Personal information
- Full name: Arnold Minnis
- Born: 26 October 1891 Oughtibridge, Yorkshire, England
- Died: 26 September 1972 (aged 80) Cirencester, Gloucestershire, England
- Batting: Right-handed
- Bowling: Slow left-arm orthodox

Career statistics
| Competition | First-class |
| Matches | 4 |
| Runs scored | 10 |
| Batting average | 3.33 |
| 100s/50s | –/– |
| Top score | 5* |
| Balls bowled | 917 |
| Wickets | 23 |
| Bowling average | 15.13 |
| 5 wickets in innings | 1 |
| 10 wickets in match | – |
| Best bowling | 7/48 |
| Catches/stumpings | –/– |
- Source: Cricinfo, 15 April 2019

= Arnold Minnis =

English cricketer and British Army officer

Brigadier Arnold Minnis, (26 October 1891 – 26 September 1972) was an English first-class cricketer and British Army officer. Minnis' military career with the Royal Engineers spanned from 1915–1946, during which he served in both world wars. He rose to the rank of brigadier and was appointed a Commander of the Order of the British Empire in 1941. He also played first-class cricket for the British Army cricket team.

==Early military career==
Minnis was born at Oughtibridge and attended the Royal Military Academy, Woolwich. He graduated from Woolwich in October 1915, entering into the Royal Engineers (West Riding Divisional Engineers) as a second lieutenant. Serving in the First World War, he was promoted to the rank of lieutenant in July 1917. In December 1918, he was promoted to the temporary rank of captain while commanding a company when seconded to the Military Works Office. He was appointed to the Royal School of Military Engineering in July 1925, as an assistant instructor in construction. He was promoted to the full rank of captain in August 1926. He relinquished his position at the school in October 1929.

Minnis made his debut in first-class cricket for the British Army cricket team against the Marylebone Cricket Club (MCC) at Lord's in 1930. He played in the repeat fixture at Lord's the following season, taking figures of 7 for 48 with his slow left-arm orthodox bowling, helping to dismiss the MCC for 97 in their first-innings. He made two further first-class appearances for the army in 1932, against the touring South Americans and the Royal Air Force. In four first-class matches, Minnis took a total of 23 wickets at an average of 15.13.

==Later military career and Second World War==
In January 1932, Minnis was appointed as a staff captain at the War Office, while the following year he became the deputy assistant director of works at the War Office.

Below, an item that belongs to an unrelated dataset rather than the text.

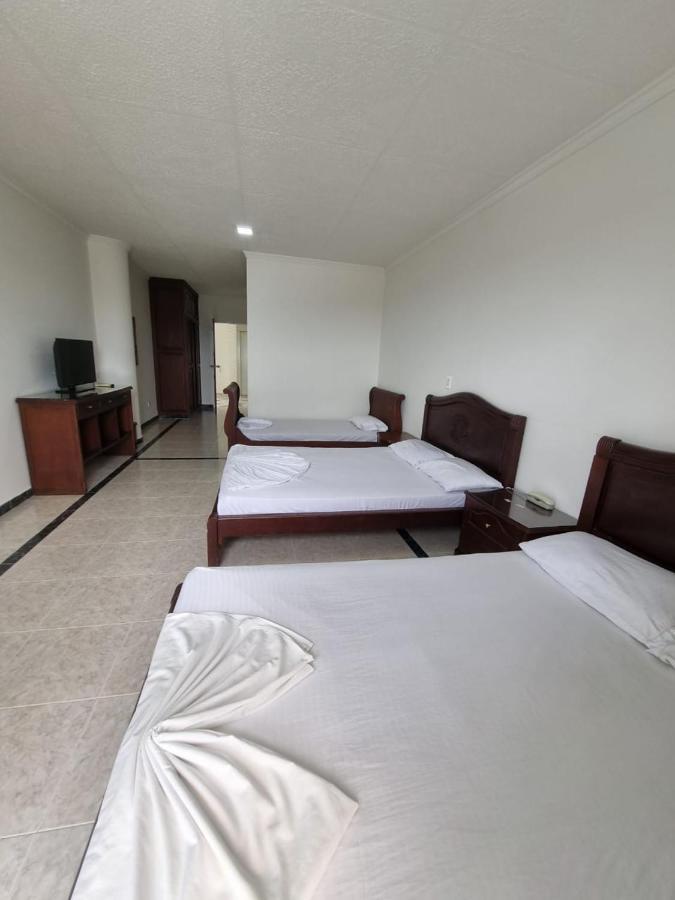 Zahira Hotel ميلغار المظهر الخارجي الصورة
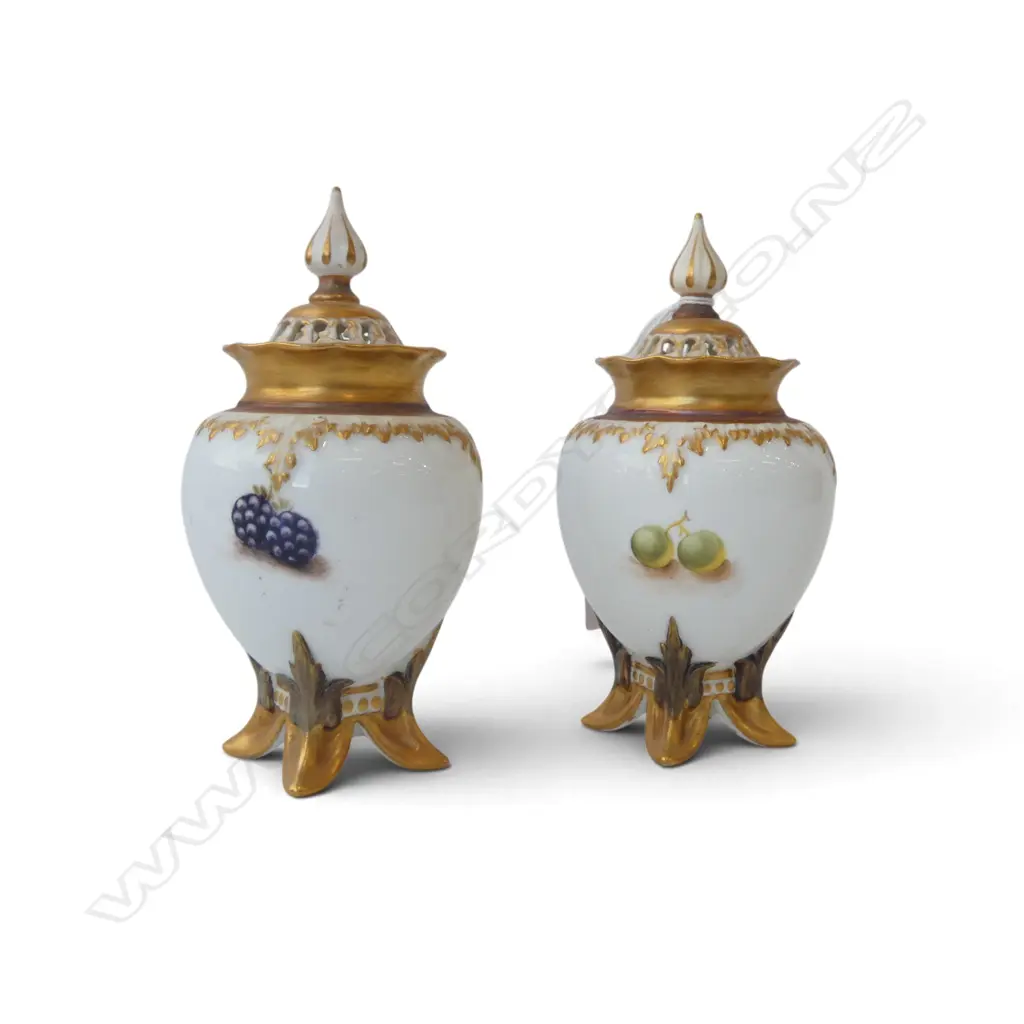 PR ROYAL WORCESTER LIDDED VASES, SIGNED H.130mm Image 1++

He was promoted to the rank of major in October 1935. He relinquished his position as deputy assistant director of works in January 1936. He was granted the temporary rank of lieutenant colonel in December 1937, while commanding the Royal Engineers at Corsham. Having gained the full rank of lieutenant colonel in January 1938, he was promoted to the rank of battalion colonel in July 1939.

Minnis served during the Second World War, where he commanded "X" Force, a formation of ten territorial field companies constructing defences on the French-Belgian frontier as a continuation north of the Maginot Line prior to the German invasion of France in May 1940. He was mentioned in despatches in December 1940. He was appointed a Commander of the Order of the British Empire in March 1941, while in May of the same year he was promoted to the rank of colonel. He was again mentioned in despatches in December 1941 and August 1943, the latter for service in Iraq and Persia. After the conclusion of the war he was retained on the active list, before retiring in July 1946, at which point he was granted the honorary rank of brigadier. He was made the honorary colonel of the 118 Construction Regiment in October 1947, a role he undertook until his resignation in May 1949. He died at Cirencester in September 1972.